### Problem to work on
Among the lines below, which ones contain the word "dress"? Copy every such line.

Records from a data source:
──────

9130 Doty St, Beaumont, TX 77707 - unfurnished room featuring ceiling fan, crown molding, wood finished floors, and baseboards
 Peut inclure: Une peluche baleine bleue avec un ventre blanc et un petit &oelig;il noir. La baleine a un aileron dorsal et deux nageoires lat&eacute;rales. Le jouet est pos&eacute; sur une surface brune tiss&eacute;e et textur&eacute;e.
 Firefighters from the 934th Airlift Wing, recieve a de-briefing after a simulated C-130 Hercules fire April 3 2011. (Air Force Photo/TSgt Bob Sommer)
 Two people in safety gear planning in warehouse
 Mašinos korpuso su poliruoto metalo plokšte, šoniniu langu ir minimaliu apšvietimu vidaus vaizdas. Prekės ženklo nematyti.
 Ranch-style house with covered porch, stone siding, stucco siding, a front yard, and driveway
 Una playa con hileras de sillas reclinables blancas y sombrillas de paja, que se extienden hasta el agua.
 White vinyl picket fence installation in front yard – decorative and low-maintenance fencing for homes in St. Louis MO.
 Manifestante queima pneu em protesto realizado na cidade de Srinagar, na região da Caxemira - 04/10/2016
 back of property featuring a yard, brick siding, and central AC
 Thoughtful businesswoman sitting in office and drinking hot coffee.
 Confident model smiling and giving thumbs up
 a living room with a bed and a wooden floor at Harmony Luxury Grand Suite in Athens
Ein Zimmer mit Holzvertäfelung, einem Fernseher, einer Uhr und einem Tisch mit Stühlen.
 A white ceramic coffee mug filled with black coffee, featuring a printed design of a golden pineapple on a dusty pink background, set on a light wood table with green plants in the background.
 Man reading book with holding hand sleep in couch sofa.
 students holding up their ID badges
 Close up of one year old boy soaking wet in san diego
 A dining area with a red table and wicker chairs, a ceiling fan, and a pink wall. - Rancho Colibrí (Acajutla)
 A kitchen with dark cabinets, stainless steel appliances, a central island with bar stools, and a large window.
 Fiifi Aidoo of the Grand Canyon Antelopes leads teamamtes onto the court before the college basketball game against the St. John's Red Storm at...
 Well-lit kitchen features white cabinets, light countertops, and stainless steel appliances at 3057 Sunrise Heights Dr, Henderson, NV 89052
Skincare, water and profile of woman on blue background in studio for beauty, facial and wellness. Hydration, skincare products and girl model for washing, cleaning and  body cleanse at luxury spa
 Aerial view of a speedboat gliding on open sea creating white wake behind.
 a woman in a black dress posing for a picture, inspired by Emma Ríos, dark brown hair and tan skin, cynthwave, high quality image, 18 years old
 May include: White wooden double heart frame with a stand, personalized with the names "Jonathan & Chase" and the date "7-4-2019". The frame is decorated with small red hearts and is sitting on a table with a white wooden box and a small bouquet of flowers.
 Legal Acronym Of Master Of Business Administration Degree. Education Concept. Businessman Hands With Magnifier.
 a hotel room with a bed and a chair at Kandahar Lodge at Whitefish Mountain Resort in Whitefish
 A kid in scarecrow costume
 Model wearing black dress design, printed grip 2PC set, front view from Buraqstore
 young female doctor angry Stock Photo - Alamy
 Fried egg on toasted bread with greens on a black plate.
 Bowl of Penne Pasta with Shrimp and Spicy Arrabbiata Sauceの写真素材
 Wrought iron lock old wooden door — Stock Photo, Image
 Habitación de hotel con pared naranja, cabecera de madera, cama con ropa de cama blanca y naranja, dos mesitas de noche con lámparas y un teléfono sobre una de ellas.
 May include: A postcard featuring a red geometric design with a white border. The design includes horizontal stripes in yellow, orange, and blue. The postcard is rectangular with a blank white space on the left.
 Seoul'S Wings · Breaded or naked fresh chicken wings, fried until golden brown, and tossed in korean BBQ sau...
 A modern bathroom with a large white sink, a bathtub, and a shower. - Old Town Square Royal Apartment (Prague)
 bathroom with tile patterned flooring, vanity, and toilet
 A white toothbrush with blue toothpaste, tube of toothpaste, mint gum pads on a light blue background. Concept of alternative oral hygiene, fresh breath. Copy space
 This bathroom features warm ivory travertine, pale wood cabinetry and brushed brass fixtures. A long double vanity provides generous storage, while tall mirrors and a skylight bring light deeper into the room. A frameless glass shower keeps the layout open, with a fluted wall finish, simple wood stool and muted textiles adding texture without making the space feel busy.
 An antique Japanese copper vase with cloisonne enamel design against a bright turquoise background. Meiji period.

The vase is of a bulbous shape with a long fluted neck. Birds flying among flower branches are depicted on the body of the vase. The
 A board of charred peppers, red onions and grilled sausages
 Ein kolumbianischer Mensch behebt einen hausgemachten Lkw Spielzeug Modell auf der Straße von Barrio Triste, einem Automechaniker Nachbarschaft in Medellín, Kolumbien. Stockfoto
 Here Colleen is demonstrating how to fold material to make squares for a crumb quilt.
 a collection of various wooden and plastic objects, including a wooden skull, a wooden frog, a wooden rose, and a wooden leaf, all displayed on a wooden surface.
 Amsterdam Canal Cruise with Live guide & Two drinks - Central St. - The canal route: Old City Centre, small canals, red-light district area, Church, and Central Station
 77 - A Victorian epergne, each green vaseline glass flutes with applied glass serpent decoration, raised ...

──────

### Exercise output
 a woman in a black dress posing for a picture, inspired by Emma Ríos, dark brown hair and tan skin, cynthwave, high quality image, 18 years old
 Model wearing black dress design, printed grip 2PC set, front view from Buraqstore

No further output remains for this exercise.